# PROBLEM:
Once you reach the line containing "Referāts 'Meža attīstība", return it and every line after it exactly, through the end of the records below, with no pictures.

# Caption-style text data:
■ ■ ■ ■

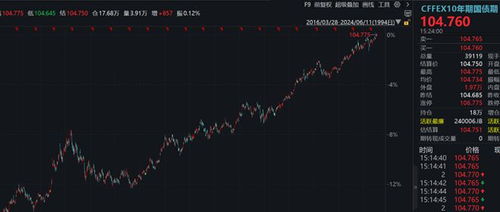 腾讯证券鸿博股份怎么样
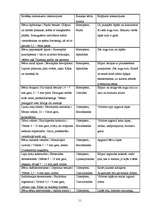 Referāts 'Meža attīstība no senatnes līdz mūsdienām', 11.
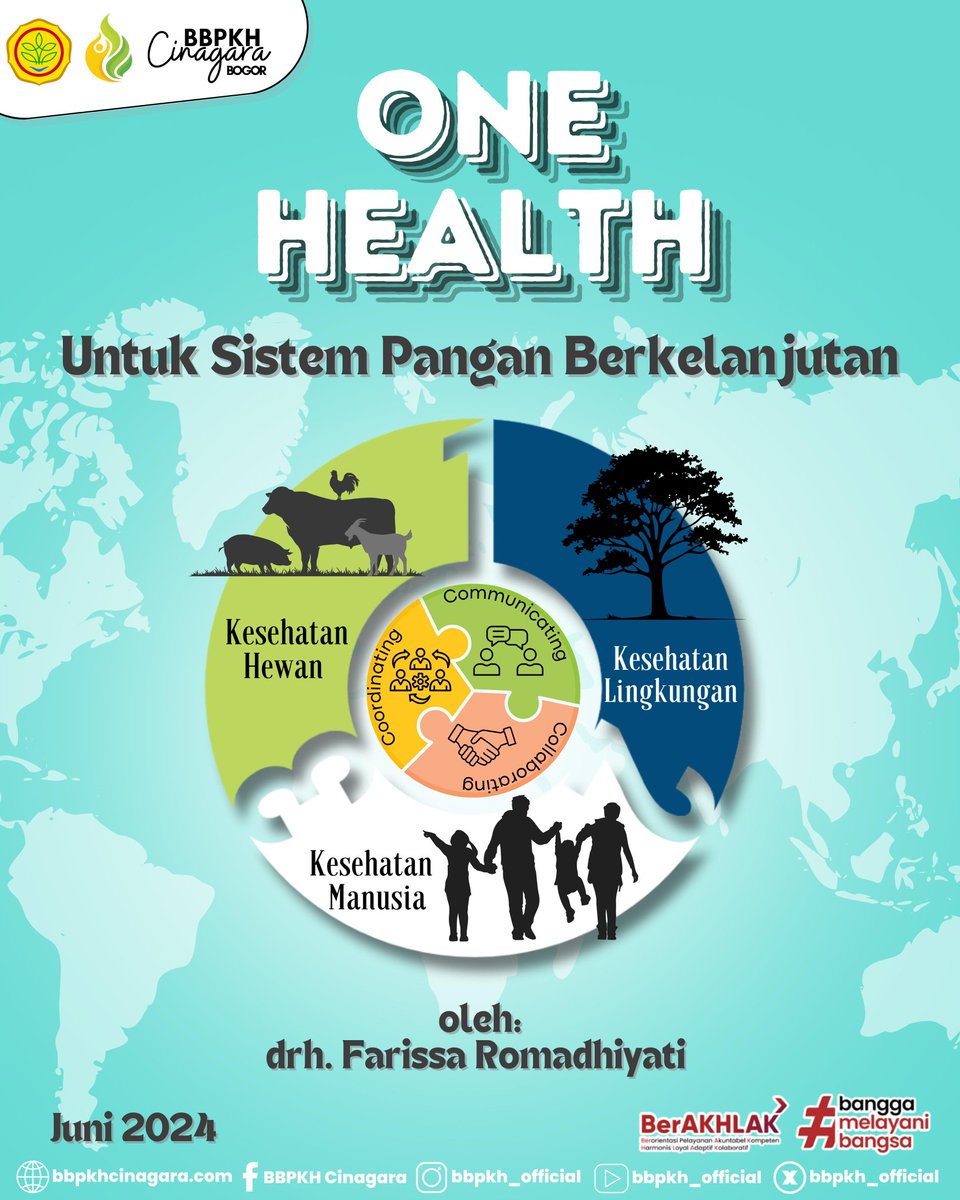 bbpkh_official's tweet photo. One Healt Untuk Sistem Pangan Berkelanjutan

Hai SobaTani pasti sudah tidak asing kan dengan istilah One Health?

One Health merupakan suatu konsep pendekatan kolaboratif multisektoral dan transdisipliner yang bekerja pada tingkat lokal, nasional, dan global. https://t.co/p1EKbNEmns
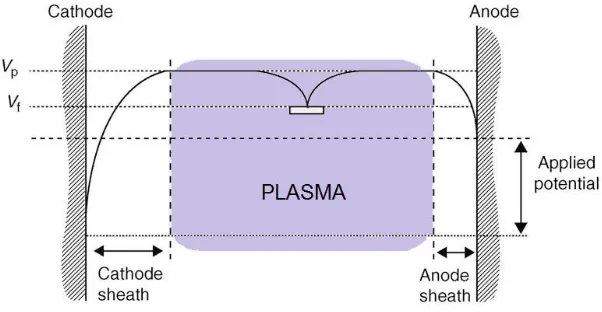 FIGURE 1.7. Luminous and dark regions in a DC Glow Discharge. Adapted from [10]. 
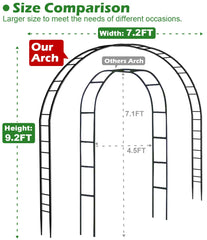 Queension arch close-up of buckle connection illustrating easy tool-free assembly benefit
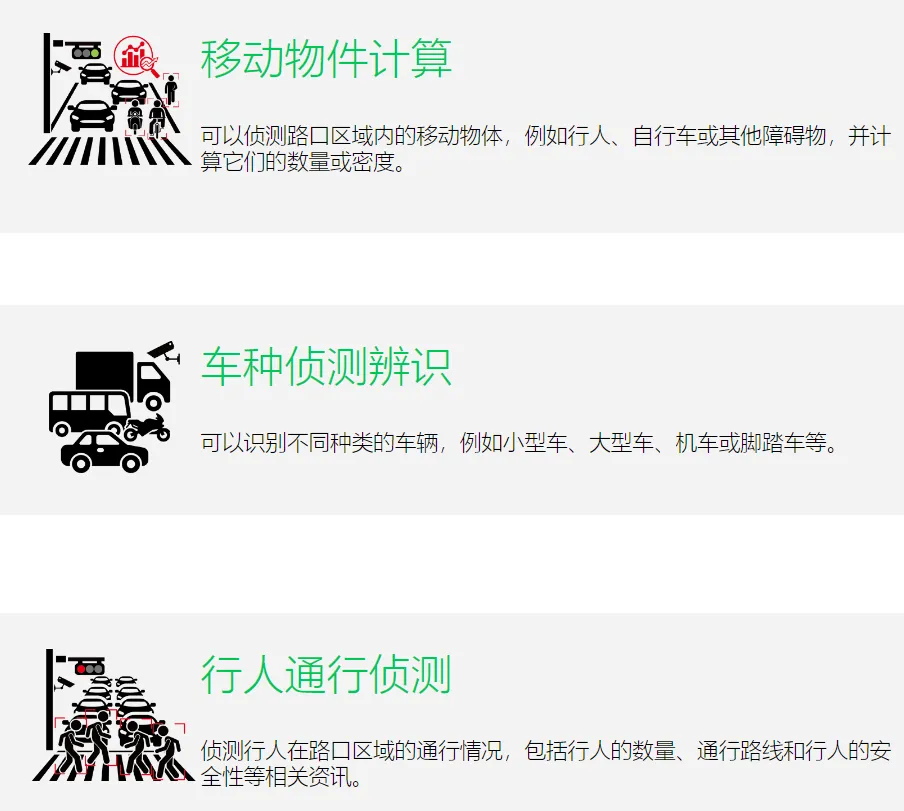 AI-ITS车流路况侦察系统(VDS)3.png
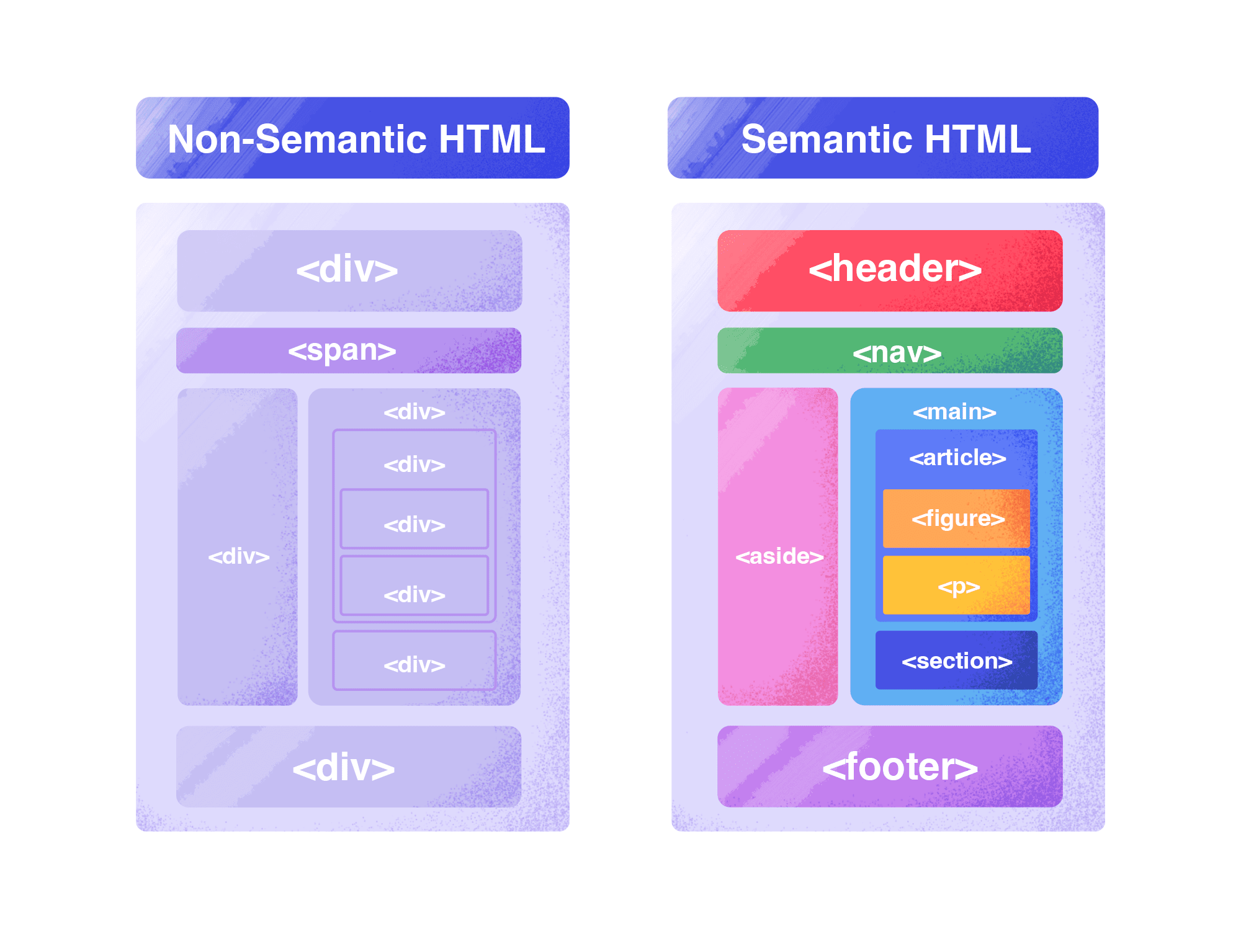 Semantic HTML Semantic markup
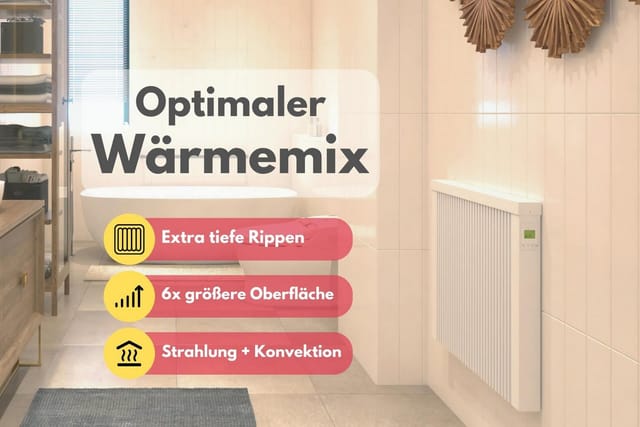 Elektroheizung Areo Bano Flächenspeicherheizung 650 Watt - Ip24 Fürs Bad - Digitales Thermostat Mit Lcd-display - Option Zur Appsteuerung Von Evarmo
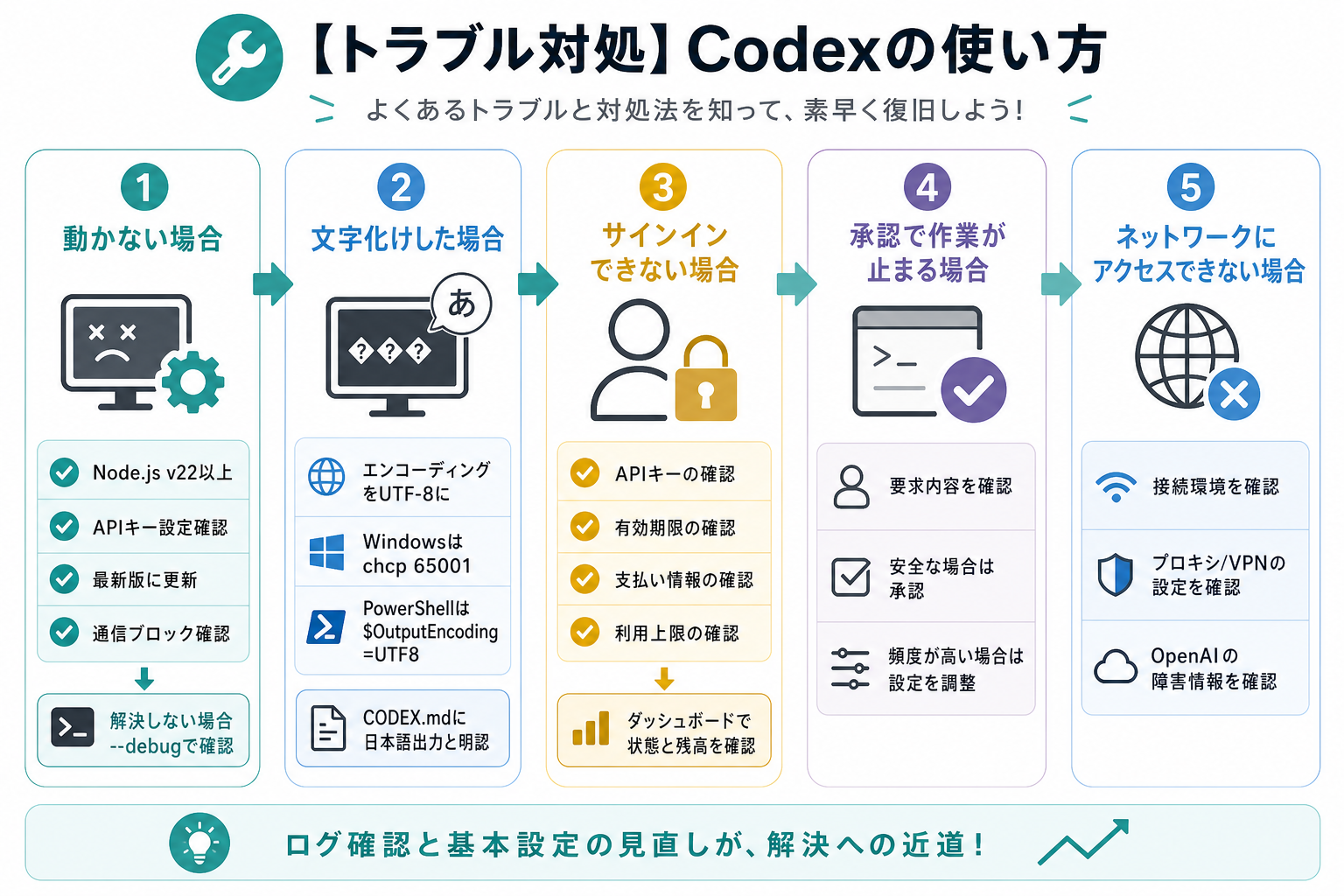 【トラブル対処】Codexの使い方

■ ■ ■ ■

# RESPONSE TO THE TASK:
 Referāts 'Meža attīstība no senatnes līdz mūsdienām', 11.
 bbpkh_official's tweet photo. One Healt Untuk Sistem Pangan Berkelanjutan

Hai SobaTani pasti sudah tidak asing kan dengan istilah One Health?

One Health merupakan suatu konsep pendekatan kolaboratif multisektoral dan transdisipliner yang bekerja pada tingkat lokal, nasional, dan global. https://t.co/p1EKbNEmns
 FIGURE 1.7. Luminous and dark regions in a DC Glow Discharge. Adapted from [10]. 
 Queension arch close-up of buckle connection illustrating easy tool-free assembly benefit
 AI-ITS车流路况侦察系统(VDS)3.png
 Semantic HTML Semantic markup
 Elektroheizung Areo Bano Flächenspeicherheizung 650 Watt - Ip24 Fürs Bad - Digitales Thermostat Mit Lcd-display - Option Zur Appsteuerung Von Evarmo
 【トラブル対処】Codexの使い方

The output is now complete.